"Absolutely!" Freddy Farmer spoke up. "And quite a person, too. She has killed no less than three hundred and six Nazis!"

"Good Gosh!" Jones choked out. "What a bloodthirsty damsel!"

"Not at all!" Dawson corrected him with a chuckle. "Senior Lieutenant Nasha Petrovski just doesn't like Nazis, that's all!"


CHAPTER FIFTEEN

Land of the Dead

It was just as Senior Lieutenant Petrovski had predicted. The night had no moon, and even the stars were blotted out by a five hundred foot thick layer of overcast. Pitch darkness engulfed everything in all directions. Dave Dawson couldn't see a single speck of light, save one. And that one bit of light, which was no more than a faint pale glow, was from the hooded single bulb on the instrument panel of the North American B-Twenty-Five medium bomber. Just enough light to let him read the automatic compass, and a couple of other essential instruments.

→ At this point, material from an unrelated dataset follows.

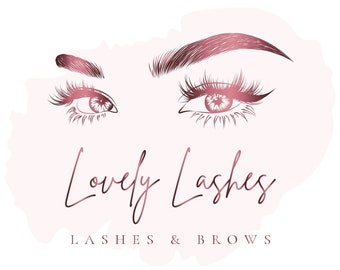 May include: A logo featuring stylized eyes with long eyelashes and well-defined eyebrows. The text "Lovely Lashes" is written in a cursive font, with "Lashes & Brows" below. The design uses shades of pink and rose gold.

However, apart from that bit of faint light, he might well have been in the middle of a throbbing, inky dark world. The throbbing was from the two Wright Cyclone engines that were driving the B-Twenty-Five up higher and higher into the night sky. Just half an hour before he had lifted the aircraft off the square field on the western edge of Urbakh. Major Saratov, and a few other Soviet officers, had been present to wish them all well, and Godspeed back. But Dave had not missed the look half hidden in the Russian Major's eyes. And spotting that look certainly hadn't added to the joy of the dangerous flight to be undertaken. In other words, it was quite evident that Major Saratov was inwardly bidding them a very permanent farewell. Should he ever meet them again, he would undoubtedly be the most surprised man in all of the Soviet.

Whether the Russian girl officer of Soviet Intelligence, or Freddy Farmer, or Agent Jones, had noted that same look, Dawson didn't know. And, naturally, he hadn't tried to find out. If they had seen it, talking wouldn't help any. And if they hadn't, then what they didn't know wouldn't hurt them. Just the same, the little lumps of bouncing cold lead had returned to Dawson's stomach as he cleared the field and sent the B-Twenty-Five nosing upward.

Now, though, the bouncing lumps of lead were all gone. No, not because courage and all the rest of that sort of thing had driven them away. It was simply because he had other things to think about, and he was too busy to check and recheck his personal feelings. Some eighteen thousand feet of air were between the bomber's belly and the earth, and the layer of overcast now below the aircraft blotted out the ground just as completely as another layer of overcast higher up blotted out the stars.